Europeans Look to Welfare, Not Stimulus, in Crisis

By Park Sae-jin Posted : April 2, 2009, 10:11 Updated : April 2, 2009, 10:11

   
 
Nicolas Sarkozy, France's president, left, speaks during a news conference with Angela 
Merkel, Germany's chancellor, ahead of the G20 summit in London, U.K., on Wednesday, April 1, 2009.

Europeans and Americans don't always see eye to eye - and how to solve the global financial crisis is no exception.

Across a continent long accustomed to big government and high taxes, many Europeans are counting on generous welfare benefits to shield them from the worst of the meltdown. Others worry that loosening interest rates would lead to devastating inflation.

In the American view, the economic house is on fire, and only quick and decisive action will put out the flames. Europe is not quite as ready to pull the alarm.

"The social security system is definitely better in Europe than in the States," Florian Schnabl, a 32-year-old financial consultant in Vienna, said Wednesday.

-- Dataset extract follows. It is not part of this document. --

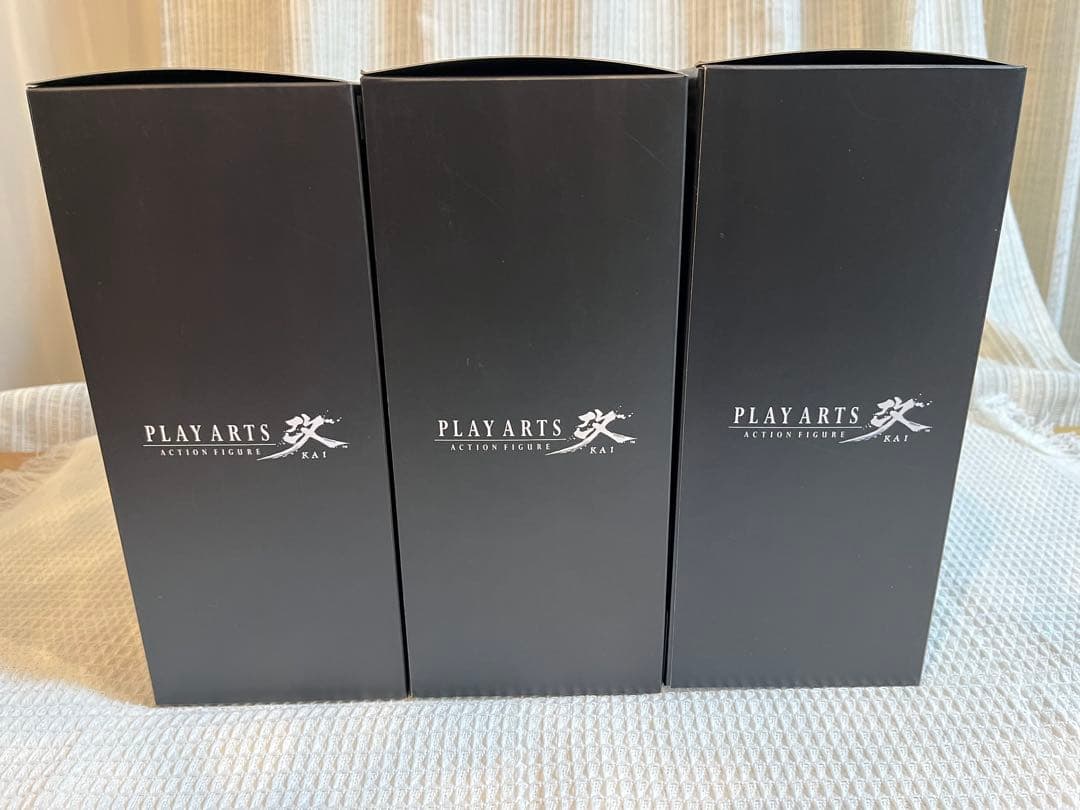 NieR:Automata プレイアーツ改 DX版 2B 9S A2 フィギュア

But he was hedging his bets: "Who knows if countries here will react as well as the U.S. to the crisis."

For all their talk of coming together at this week's summit of the G-20 economic powers in London, European leaders have been openly skeptical of corporate bailouts and massive U.S.-style stimulus spending.

As the G-20 leaders gathered, two new projections forecast more economic turmoil worldwide. The World Bank predicted the global economy will contract by 1.7 percent this year. A separate outlook by the Organization for Economic Cooperation and Development was even more bleak, projecting a 2.75 percent slump worldwide.

And economists warn this is probably just the beginning. Some analysts, such as former International Monetary Fund chief economist Simon Johnson, worry that if Europe keeps dragging its feet it could risk a rerun of the Great Depression or worse.

Still, in much of the European Union, there are fears of taking on yet more public debt - and having to rescue neighbors in addition to foundering banks and struggling industries.

Germany in particular is still bailing out what was once an entire country: the former communist East, which is reeling from high unemployment despite billions spent in the two decades since the Cold War ended.

And German Chancellor Angela Merkel pointed out Wednesday her nation had already approved programs worth $106 billion to get the economy moving. "We have made a gigantic contribution," she said.

France and Germany are leading a European drive to tighten the regulation of financial markets in an effort to prevent the kinds of excesses that pushed banks worldwide into insolvency.

Looming at the London summit, French Foreign Minister Bernard Kouchner warned, was a confrontation between "two worlds: one that wants more regulation, and the other that wants less."

Yet at the heart of the rift between the U.S. and Europe over how best to dig out of the crisis is a long-standing clash of economic philosophies.

Europeans historically have enjoyed comprehensive social safety nets that offer jobless workers years of unemployment benefits and uninterrupted health insurance.

Those welfare programs are expensive - in Austria, individual income tax runs as high as 50 percent - but they already do much of what the Obama administration is proposing to achieve through fiscal stimulus.

And Europeans differ from Americans in other key ways: They save far more cash, and generally don't max out on their credit cards.

That helps explain why Czech Prime Minister Mirek Topolanek, whose country holds the rotating presidency of the 27-nation EU, last week denounced Washington's deficit spending as "the road to hell."

"The Europeans think there's a danger of overdoing it," said Johnson, the former IMF chief economist, now a professor at the Massachusetts Institute of Technology's Sloan School of Management.

"Their feeling is, 'We'll get through this,"' he told The Associated Press in a telephone interview. "Germans, for instance, are just not that worried about unemployment. They think their fiscal system can take care of it."